# Cheap and easy dove tree out of PVC for the dove hunters



## oldschoolcj5 (Jun 8, 2009)

how well does it draw them in?


----------



## Pittstate23 (Dec 27, 2010)

thats sweet, i've never seen anything like that.


----------



## Byrd (Oct 18, 2002)

Mojo sells a dove tree and it cost like $60+. I have watched youtube videos and it seems to bring the doves right in. 
I got the plans off another site and thought some on here may like it.

Supplies
10ft 1 inch pvc pipe for tree trunk
10 ft of 1/2 inch pvc pipe for tree limbs
2- one inch pvc connectors
4 pvc T connectors to connect the limbs to the tree trunk
5 - 1/2 inch 45 degree connectors

Can of brown spray

I cut the tree trunk in half and used a 1 inch connector to piece the two sections together then I cut another foot off the bottom and placed the other 1 inch connector this piece will be pounded into the ground in the field then connect rest of tree to it.

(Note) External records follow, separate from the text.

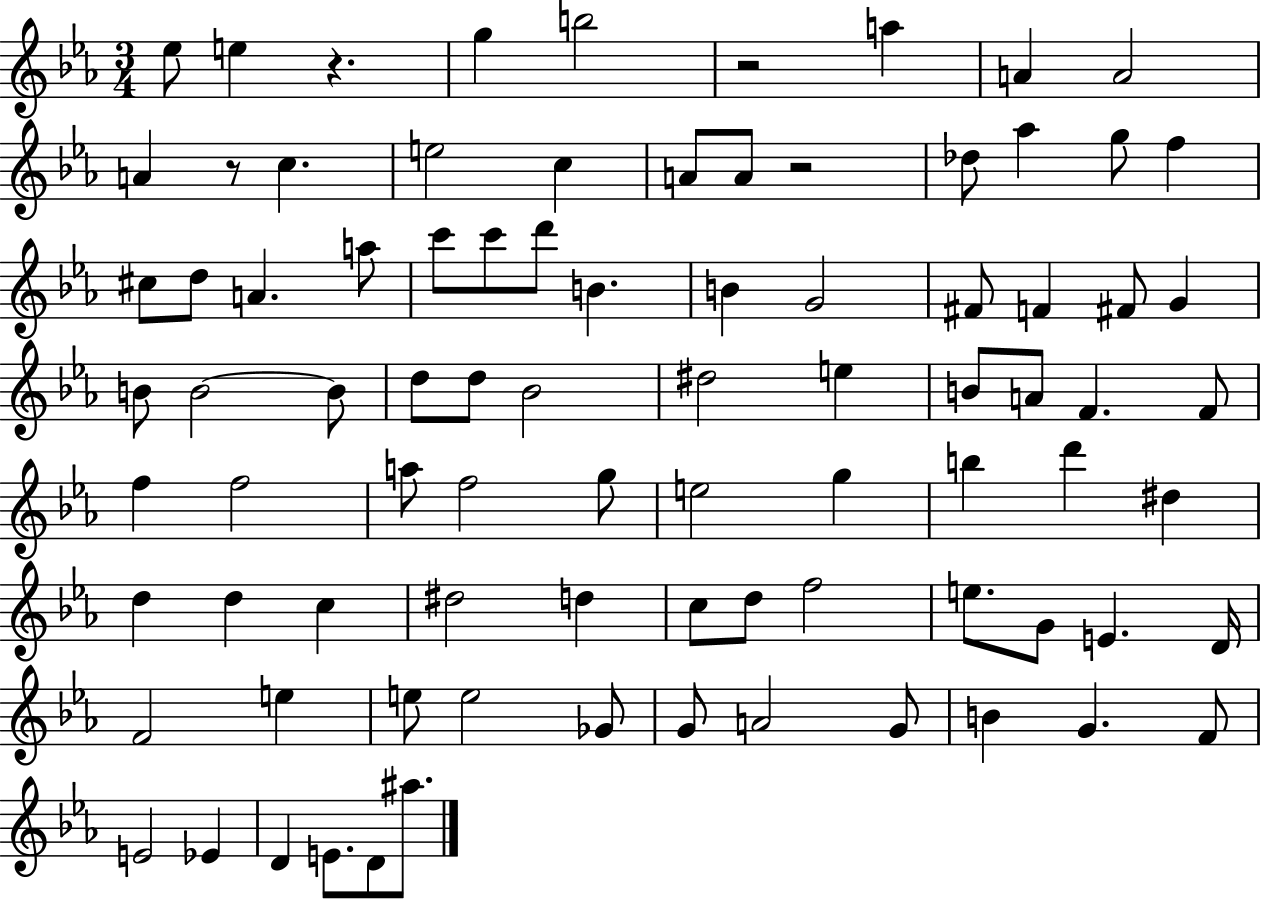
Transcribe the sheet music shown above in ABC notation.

X:1
T:Untitled
M:3/4
L:1/4
K:Eb
_e/2 e z g b2 z2 a A A2 A z/2 c e2 c A/2 A/2 z2 _d/2 _a g/2 f ^c/2 d/2 A a/2 c'/2 c'/2 d'/2 B B G2 ^F/2 F ^F/2 G B/2 B2 B/2 d/2 d/2 _B2 ^d2 e B/2 A/2 F F/2 f f2 a/2 f2 g/2 e2 g b d' ^d d d c ^d2 d c/2 d/2 f2 e/2 G/2 E D/4 F2 e e/2 e2 _G/2 G/2 A2 G/2 B G F/2 E2 _E D E/2 D/2 ^a/2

I put never seize in connectors so I can POP the pieces out easily and make it more mobile....then just add the t connectors to trunk I started about 9 inches from top and started the limbs from there u can make the limb sections as long or short as u want...I also put never sieze in the t connectors where the limbs attach so I can just slide them in and out, if u look at the pic u can see how I put the 45 degree connectors to get the bends in the limbs

To be able to connect the decoy to the 1/2 I just drilled it out so there was a notch for the clip to grab onto

The tree ended up being a little flimsy so I drilled 4 holes threw the bottom section of the trunk and took some boot laces and some tent stakes so I can anchor the tree better do its not leaning


----------



## oldschoolcj5 (Jun 8, 2009)

nice job. Hope it serves you well in a few weeks!


----------



## Bownut400 (May 29, 2007)

Thanks for sharing, I am going to build one.


----------